Other University work with the GA/TA/RA community has improved the access to services and benefits that come with qualifying appointments. “We have learned that there has been uneven treatment ? in some respects, our GAs were treated as students, in other respects as staff,” says Mercer. “We have been working to provide the best possible combination.”

For example, in addition to their long-standing medical benefit plan, full-time assistants became eligible this year to select a dental benefit that mirrors the staff plan; further, a recent rule change brings all University fellows under the medical and dental benefit umbrella. Full-time appointments confer the eligibility to receive 6 credit hours of transferable remitted tuition. A new parking rate schedule that reduces parking fees for the GA community over four years was introduced in 2003; the rates are in an intermediate position between the staff and general student rates. Inconsistencies in the services provided through Recreation Services were also corrected; graduate assistants are now provided the same benefits as other students at no cost.

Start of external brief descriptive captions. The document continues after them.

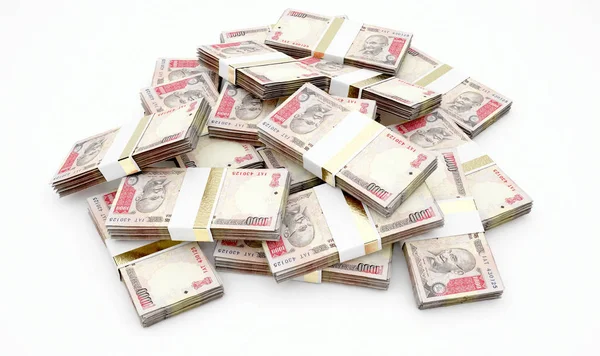Kupie Losowo Rozrzucone Wiązki Banknotów Białym Tle Renderowania — Zdjęcie stockowe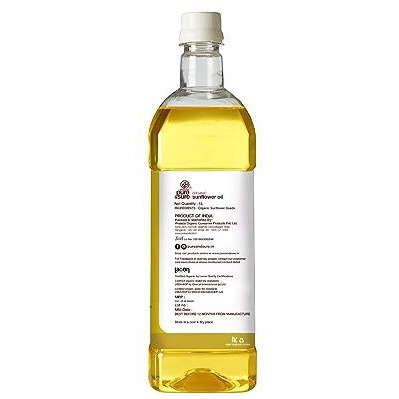 Pure & Sure Organic Cold Pressed Sunflower Oil 1ltr | 100% Natural Kolhu/Kacchi Ghani/Chekku Edible for Cooking | Extracted on Wooden Churner | Nutrient Rich & Chemical Free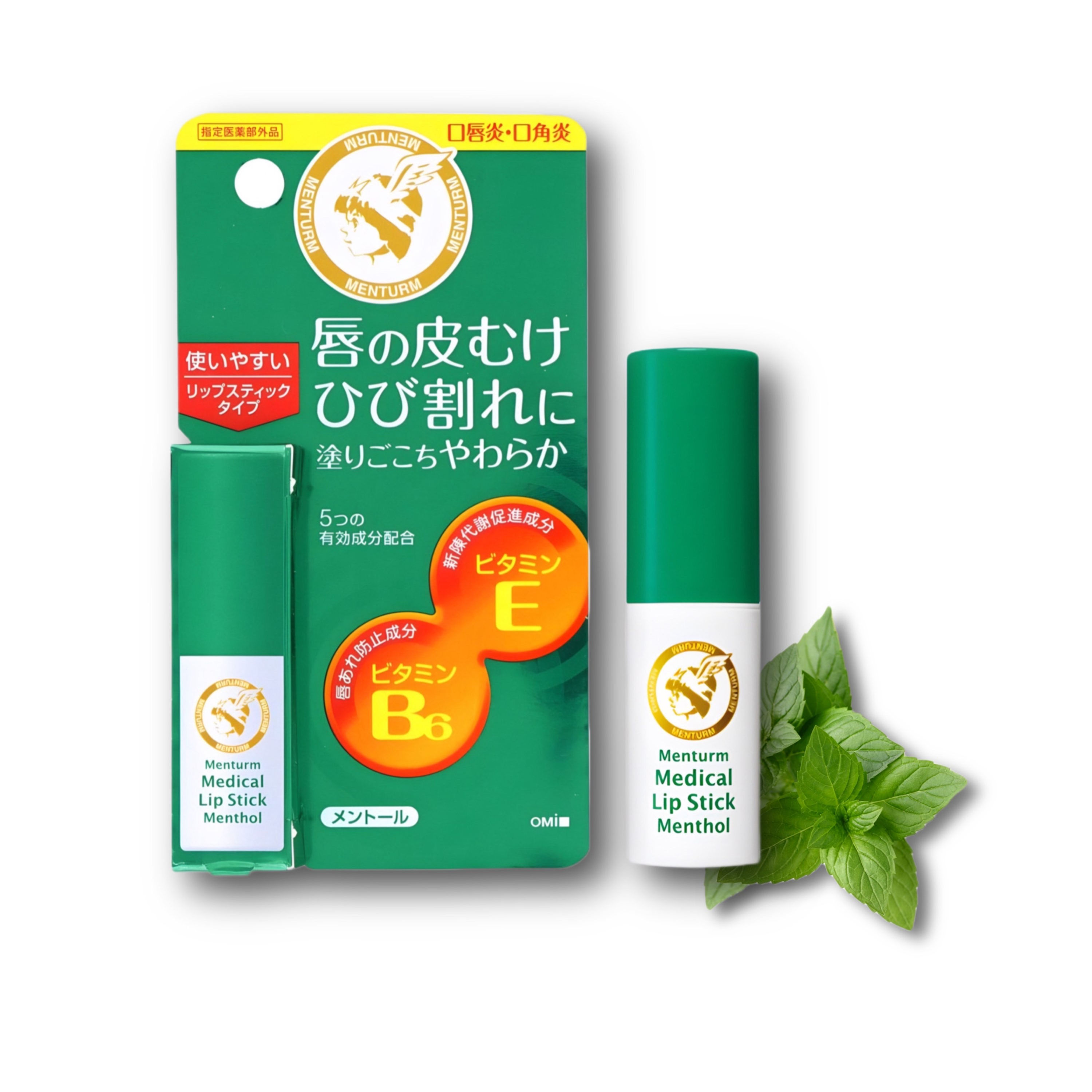 OMI Лікувальний Бальзам-стік з віт. Е, В6 та ментолом MENTURM Medical Lip Stick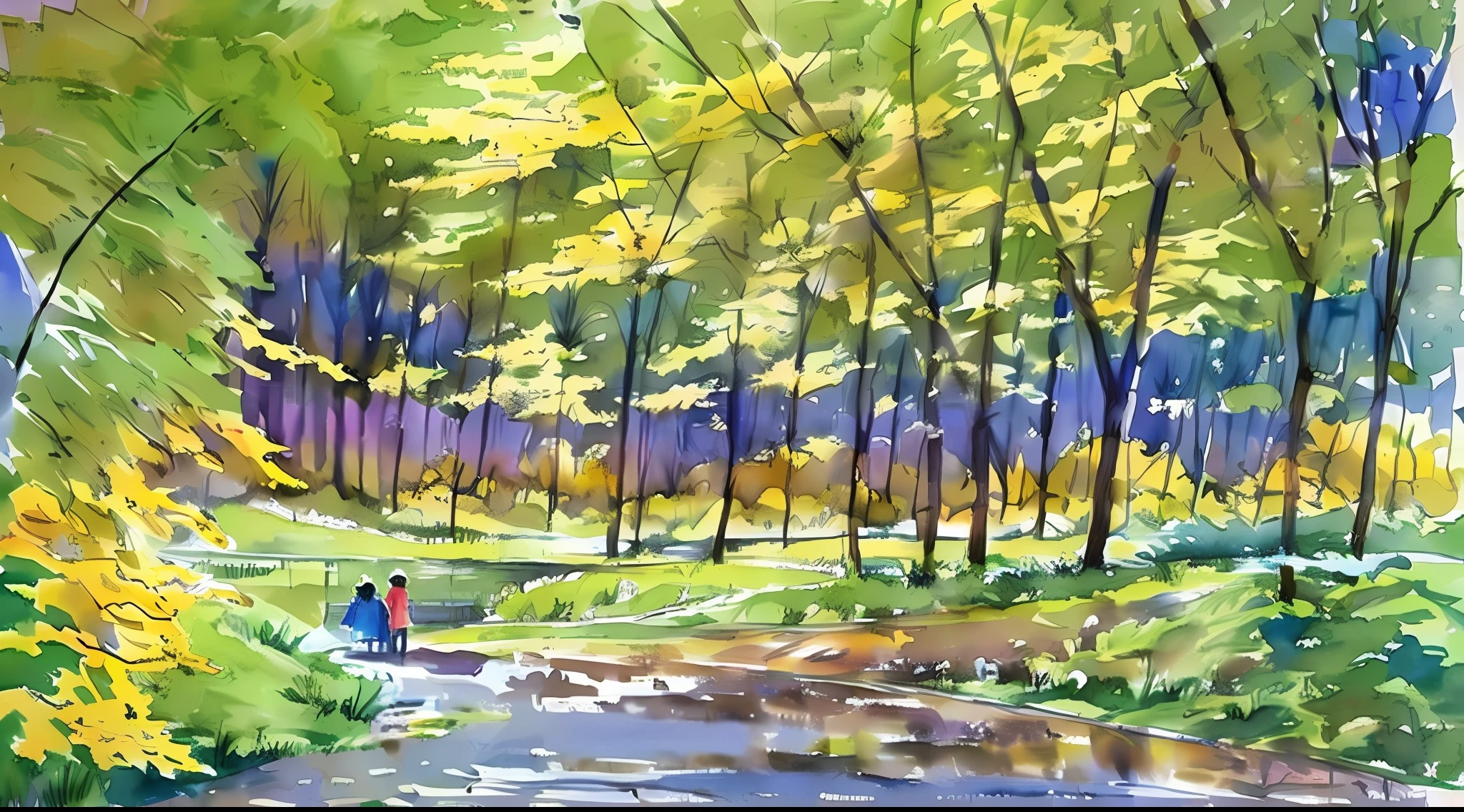 Wet trunks In the yellowness of the foliage, Slush, puddles, lonely girl, Watercolor and pencil drawing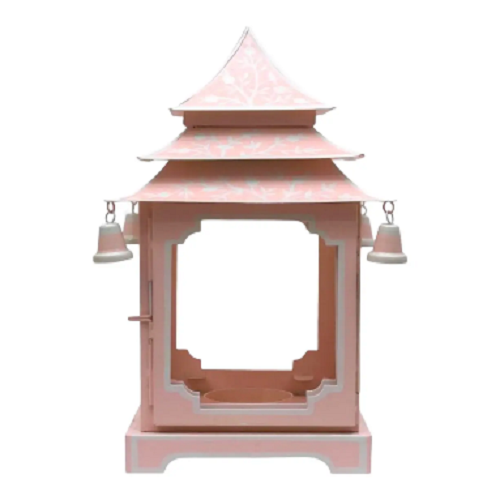 Chinoiserie pink pagoda lantern SAMPLE
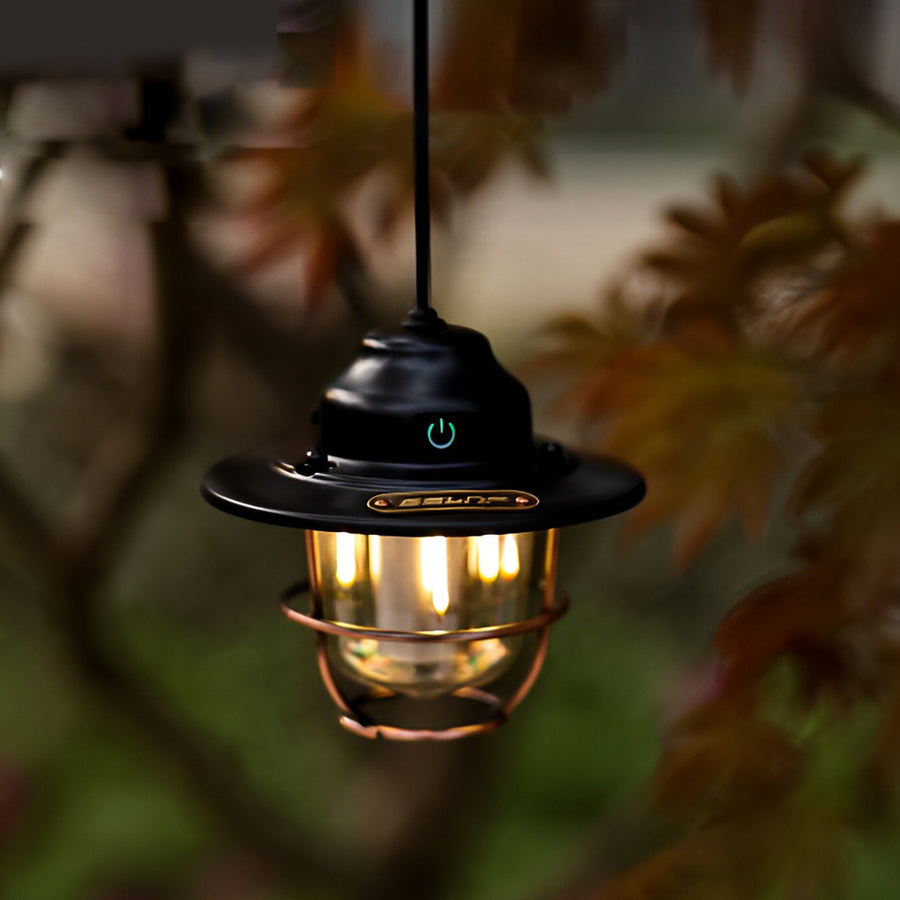 Retro Round LED Camping Lantern — Iron, ABS & PC, USB Rechargeable, 7 Lighting Modes, 2000mAh, Waterproof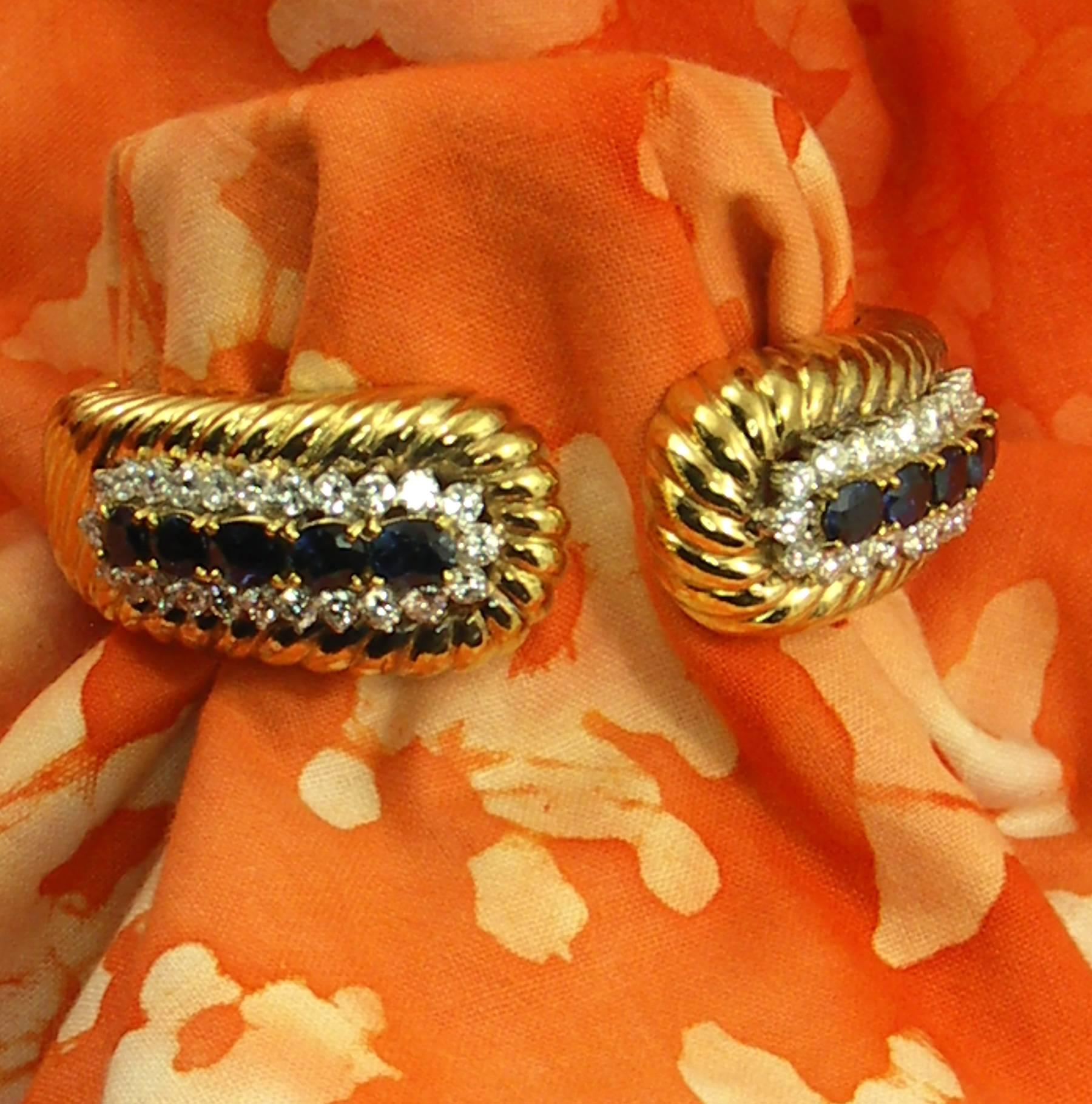Rope Edged Design Diamond Sapphire Bracelet 1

There have also been improvements in the processing of graduate applications, awards, appointments and degree certification thanks to the creation of the Graduate Enrollment Management Center, which was launched in 2001 and has grown significantly since then. Assistants with families have benefited from the creation of a child-care information portal to assist in selecting services by off-campus providers. The Graduate School continues to work on improving career services issues via the campus-wide Career Services Network and the Center for Career Services.

The University has also made targeted space improvements to address graduate concerns; a $300,000 program to improve TA space took place in 2002, graduate needs have been considered in new building projects and renovations, and the University is in the planning stages of renovating graduate space in the physics department.

SU has also convened a working group of administrators and deans representing the Graduate School, Student Affairs, Human Resources and University Communications; members have met regularly since 2002 to discuss ways of improving communication between the University and its graduate students. These meetings have also involved the GSO leadership, and other meetings between the Graduate School and leaders of graduate student groups have occurred more than in the past.

Mercer says that further investments are planned for the near future. “Graduate achievements, the research and creative work accomplishments, and the contributions they make to the undergraduate experience, including its diversity, and to faculty work – all are sound and fundamental reasons for our commitment to improve the experience of our graduate students,” says Mercer. “We can all take pride in the progress we have made in the last couple of years, and I look forward to continuing this collaborative effort to tackle the challenges ahead.”